The data can be downloaded from the link https://d396qusza40orc.cloudfront.net/repdata%2Fdata%2FStormData.csv.bz2
The National Oceanic and Atmospheric Administration is an American scientific agency within the United States Department of Commerce that focuses on the conditions of the oceans, major waterways, and the atmosphere. NOAA warns of dangerous weather, charts seas, guides the use and protection of ocean and coastal resources, and conducts research to provide understanding and improve stewardship of the environment. NOAA was officially formed in 1970 and in 2017 had over 11,000 civilian employees.Its research and operations are further supported by 321 uniformed service members who make up the NOAA Commissioned Corps. Since October 2017, NOAA has been headed by Timothy Gallaudet, as acting Under Secretary of Commerce for Oceans and Atmosphere and NOAA interim administrator.
Some information appearing in Storm Data may be provided by or gathered from sources outside the National Weather Service (NWS), such as the media, law enforcement and/or other government agencies, private companies, individuals, etc. An effort is made to use the best available information, but because of time and resource constraints, information from these sources may be unverified by the NWS. Accordingly, the NWS does not guarantee the accuracy or validity of the information. Further, when information appearing in Storm Data originated from a source outside the NWS (frequently credit is provided), Storm Data users requiring additional information should contact that source directly. ##1.1Downloading the data
#data<-download.file(url="https://d396qusza40orc.cloudfront.net/repdata%2Fdata%2FStormData.csv.bz2",destfile = "data")
library(plyr)
library(ggplot2)
library(gridExtra)
library(grid)
stormDataRed<-read.csv("repdata%2Fdata%2FStormData.csv")
dim(stormDataRed)
## [1] 902297 37
The analysis focuses only on the health and economic consequences od severe weather events,so we subset the columns. EVTYPE, FATALITIES, INJURIES, PROPDMG, PROPDMGEXP, CROPDMG, CROPDMGEXP.
stormData <- stormDataRed[,c("EVTYPE", "FATALITIES", "INJURIES", "PROPDMG","PROPDMGEXP","CROPDMG","CROPDMGEXP")]
Fatalaties as well as the injuries are summarized according to the event type
harm2health <- ddply(stormDataRed, .(EVTYPE), summarize,fatalities = sum(FATALITIES),injuries = sum(INJURIES))
fatal <- harm2health[order(harm2health$fatalities, decreasing = T), ]
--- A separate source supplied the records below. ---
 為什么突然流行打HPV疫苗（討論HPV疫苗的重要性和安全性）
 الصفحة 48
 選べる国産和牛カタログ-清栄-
injury <- harm2health[order(harm2health$injuries, decreasing = T), ]
exponential values are stored in a seperate column describing their value with letters (h = hundred, k = thousand, m = million, b = billion), the calucalion of the financial damage turns out to be slightly tricky. In a first step a function that converts the letter value of the exponent to a usable number must be implemented.
getExp <- function(e) {
if (e %in% c("h", "H"))
return(2)
else if (e %in% c("k", "K"))
return(3)
else if (e %in% c("m", "M"))
return(6)
else if (e %in% c("b", "B"))
return(9)
else if (!is.na(as.numeric(e)))
return(as.numeric(e))
else if (e %in% c("", "-", "?", "+"))
return(0)
else {
stop("Invalid value.")
}
}
values for property damage and crop damage are then calculated.
propExp <- sapply(stormDataRed$PROPDMGEXP, FUN=getExp)
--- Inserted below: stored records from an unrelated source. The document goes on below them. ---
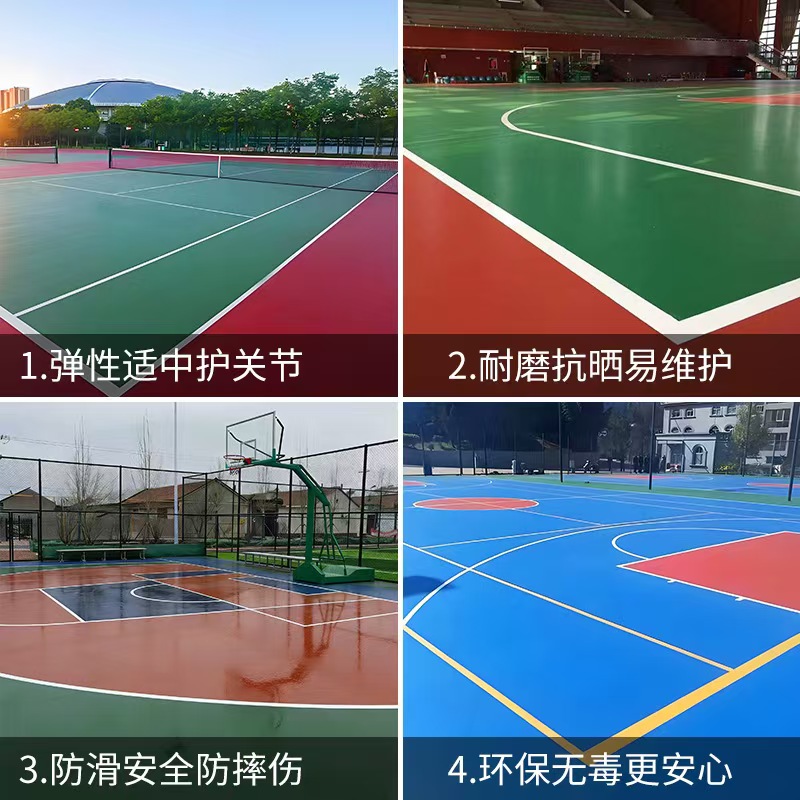 沈阳新民市人造草坪塑胶篮球场 - 一站式服务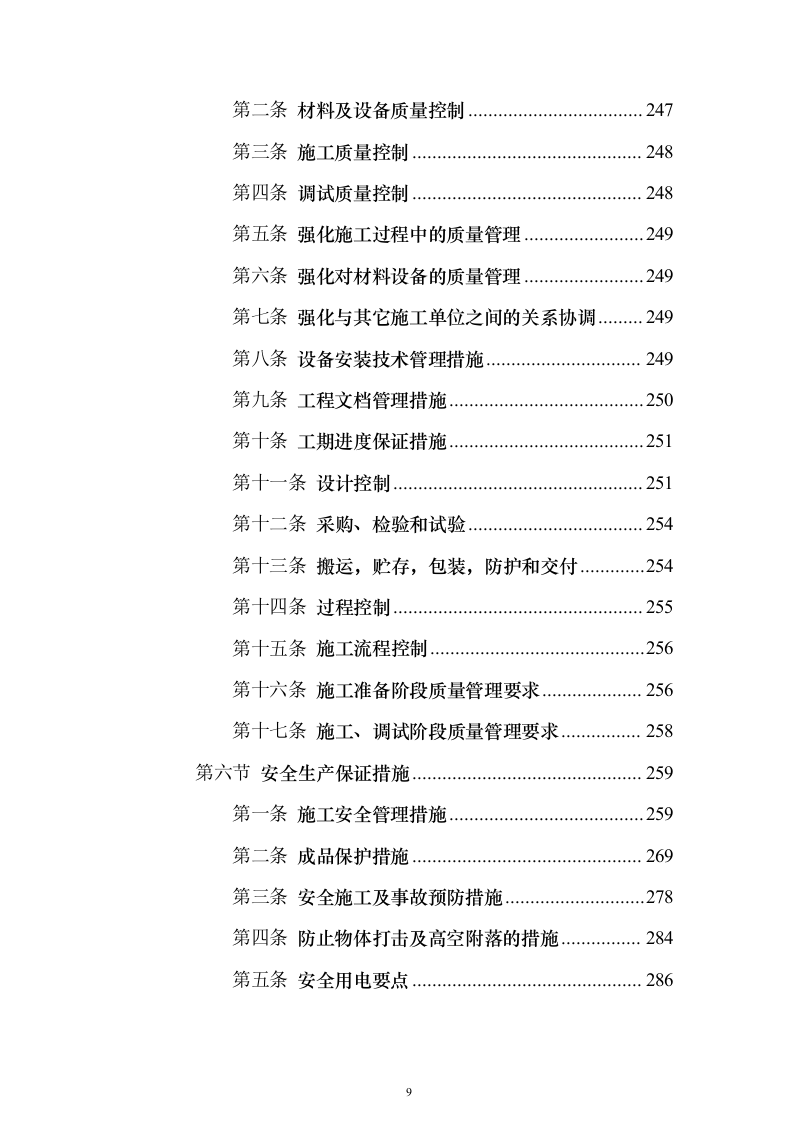 智慧防汛方案、基层防汛防洪大数据信息化建设方案399页（2024年修订版）.docx 第9页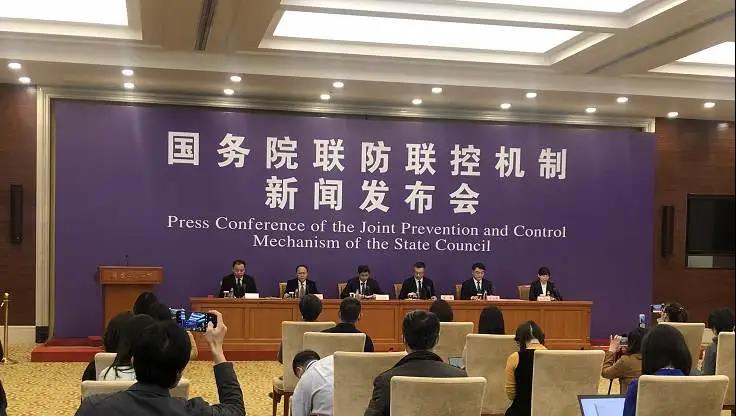 新冠病毒是否出現(xiàn)了變異？疫苗什么時候能用上？.jpg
stormDataRed$propDamage <- stormDataRed$PROPDMG * (10 ** propExp)
cropExp <- sapply(stormDataRed$CROPDMGEXP, FUN=getExp)
stormDataRed$cropDamage <- stormDataRed$CROPDMG * (10 ** cropExp)
Financial damage for crops and property have to be summarized according to the event type.
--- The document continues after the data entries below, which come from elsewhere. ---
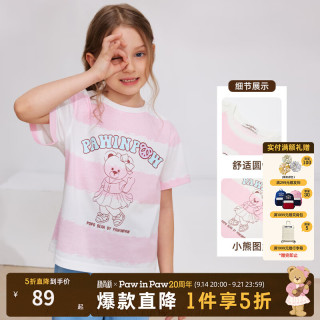 Paw in Paw PawinPaw卡通小熊童装26年夏季新款男女童短袖T恤宽松 Pink粉色/25 130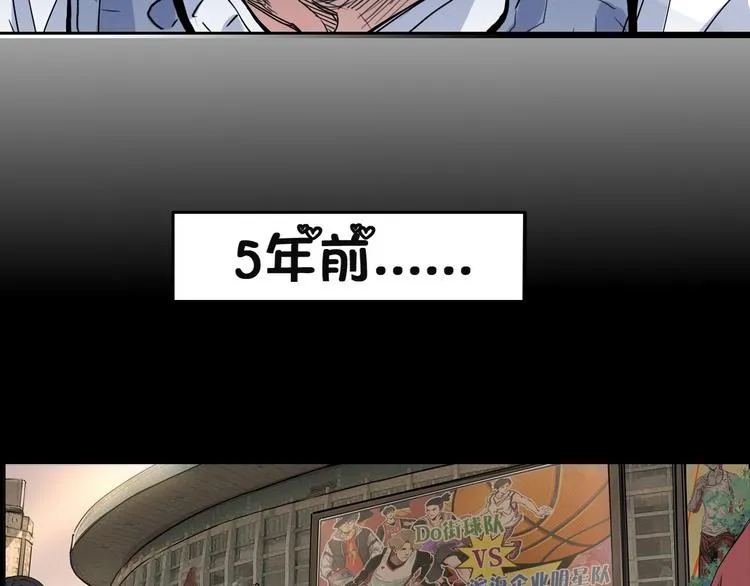 第11话 武新队协奏曲 第27页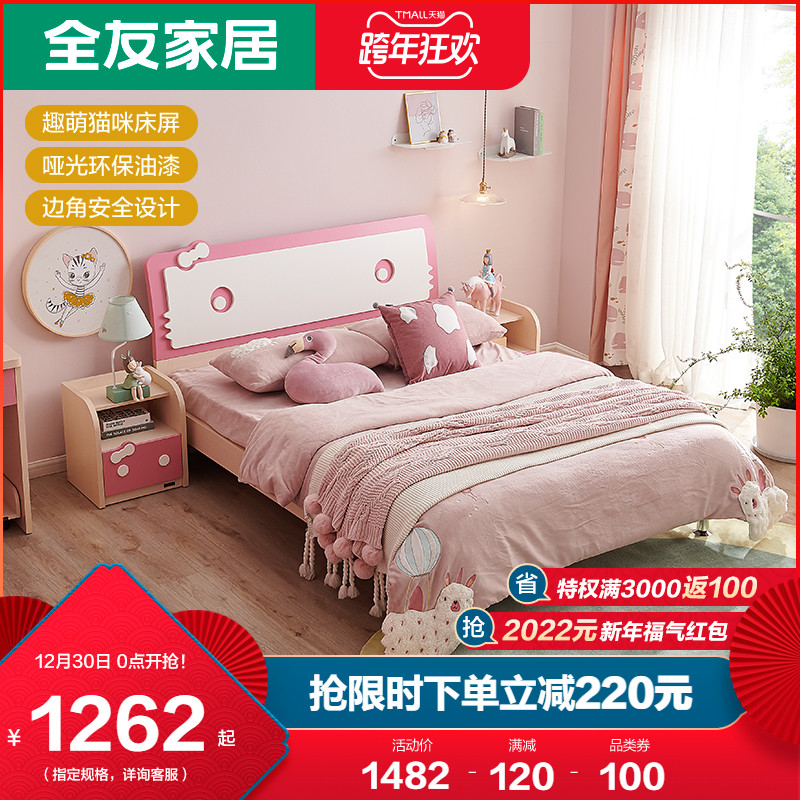 All Friends Home Home Home Teen Pink Princess Bed Single Bed with Bedside Table Combination Bedroom Furniture 106208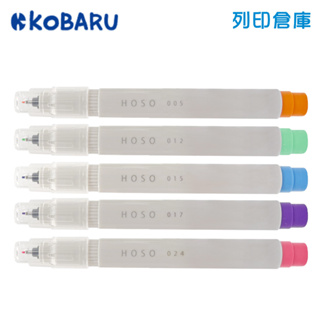 【日本文具】koBARU可巴魯 MARU liner 812-0140 0.5mm 柔色 細字筆 代針筆 簽字筆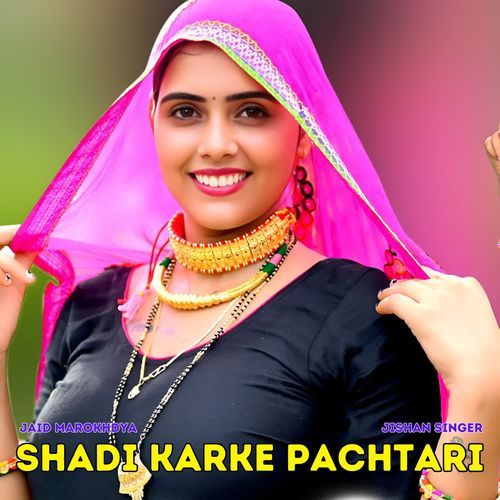 Shadi Karke Pachtari Jaid Marokhdya MP3 Download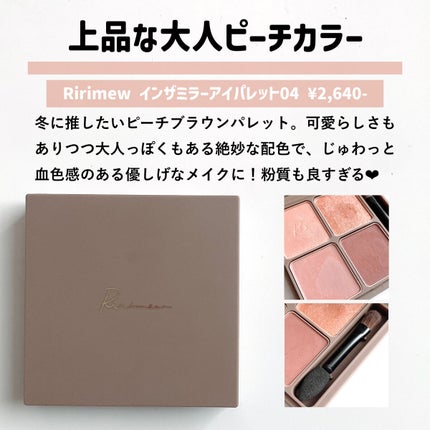 インザミラーアイパレット/Ririmew/アイシャドウパレットを使ったクチコミ(5枚目)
econDamage <- ddply(stormDataRed, .(EVTYPE), summarize,propDamage = sum(propDamage), cropDamage = sum(cropDamage))
events not causing any financial damage are removed.
econDamage <- econDamage[(econDamage$propDamage > 0 | econDamage$cropDamage > 0), ]
and The data is stored.
propDmgSorted <- econDamage[order(econDamage$propDamage, decreasing = T), ]
cropDmgSorted <- econDamage[order(econDamage$cropDamage, decreasing = T), ]
Top 5 weather events affecting the populations health (injuries and deaths) are shown.
head(injury[, c("EVTYPE", "injuries")],5)
## EVTYPE injuries
## 834 TORNADO 91346
## 856 TSTM WIND 6957
## 170 FLOOD 6789
## 130 EXCESSIVE HEAT 6525
## 464 LIGHTNING 5230
head(fatal[, c("EVTYPE", "fatalities")],5)
## EVTYPE fatalities
## 834 TORNADO 5633
## 130 EXCESSIVE HEAT 1903
## 153 FLASH FLOOD 978
## 275 HEAT 937
## 464 LIGHTNING 816
Lsts of the Top 5 weather events causing financial damage to both property and crops are shown below.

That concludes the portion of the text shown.